Howai reiterated this was an example of why the measures such as increased interest rates were necessary.

"We have to find ways to incentivise people to move the grey market… and the black market into the normal market."

Less than a week after Howai’s conversation with the media, Central Bank issued a public notice warning of the risks of buying forex from unauthorised sellers.

On September 10, Central Bank in a Facebook post said it "has observed with concern an increasing number of advertisements on social media platforms purporting to offer foreign exchange to the public."

The bank added buying, selling, borrowing and lending foreign exchange without the required authorisation of the Central Bank is an offence under the Exchange Control Act.
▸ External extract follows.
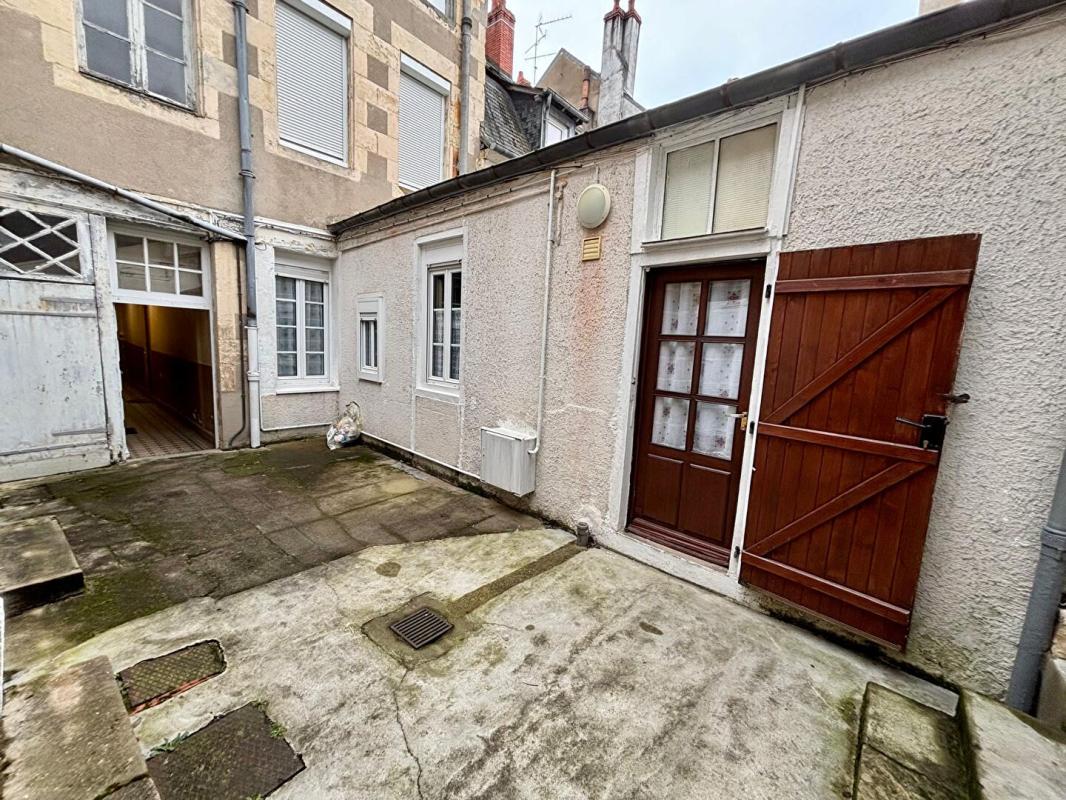 NEVERS Appartement Nevers 2 pièces 50 m2 - jardin - cour extérieur - centre ville 6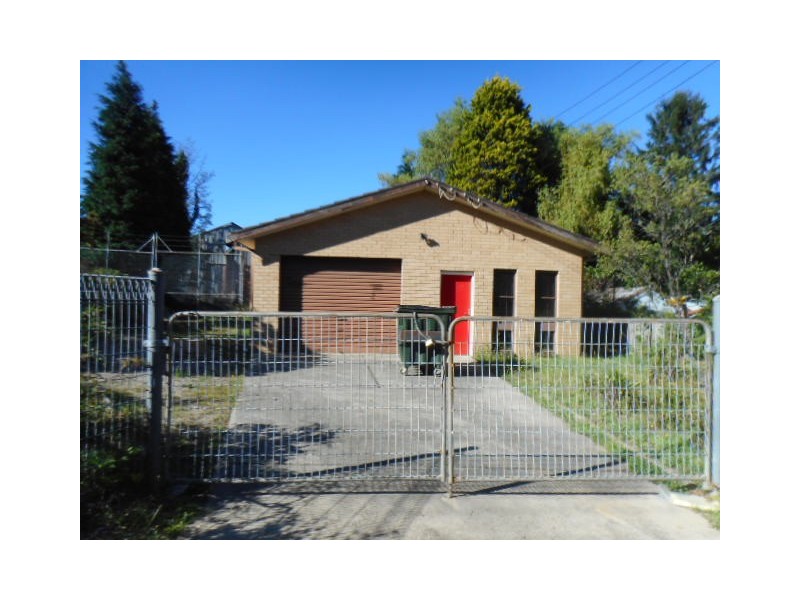 4 Railway Avenue, Blackheath NSW 2785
Central Bank warned, "Members of the public who conduct business with unauthorised persons do so at their own risk including the risk of non-recovery in the event of financial loss, fraud and disputes."

It urged the public to only conduct forex transactions with authorised dealers such as recognised banks including ANSA Bank Ltd, ANSA Merchant Bank Ltd, Citibank (TT) Ltd, First Citizens Bank Ltd, CIBC Caribbean Bank (TT) Ltd, JMMB Bank (TT) Ltd, RBC Royal Bank (TT) Ltd, Republic Bank Ltd, Scotiabank TT Ltd, Development Finance Ltd, Massy Finance GFC Ltd, NCB Merchant Bank (TT) Ltd and Export-Import Bank of TT (Eximbank).

Howai: Govt determines exchange rate

Howai sidestepped questions on the exchange rate and Central Bank's role, insisting that was out of the bank’s hands.

"That is not a question for us. That decision is made across in the other tower (Ministry of Finance offices)," he said when asked if he was committed to maintaining the exchange rate.

Howai said the bank provides guidance that can used to determine what the real exchange rate "could or should be," but added the decision ultimately lies with the government.

"We do different scenarios and computations on the effect of any possible change on inflation and other things.

"We do all the work that is required but it is not a decision that we make. That is a policymaker’s decision by the people who were elected to make those kinds of decisions for us.

"We don’t venture into that."

Howai said given the numerous implications, it was best left to the government to make such a complicated decision.

"Given the entire ambit of all the things that are affected by that, some will be positive and some will be negative, they will have to weigh the suite of issues they address."

Howai was asked whether keeping the current exchange rate contradicts Central Bank’s mission of promoting monetary, credit and exchange policies that would foster monetary and financial stability and public confidence and be favourable to the economy of TT.

He reiterated altering the exchange rate is government’s decision, but defended the decision to leave it as he said sudden decisions could create "significant distortions" for an economy.

"I expect that what is happening is policymakers are looking at how is this going to affect the small man, and how is it going to affect their ability to live at a basic level.

"Over time, I suppose they will try to roll out different initiatives on their side, as we roll out on our side, to see how we could get a level that minimises the disruption that comes from an exchange rate adjustment."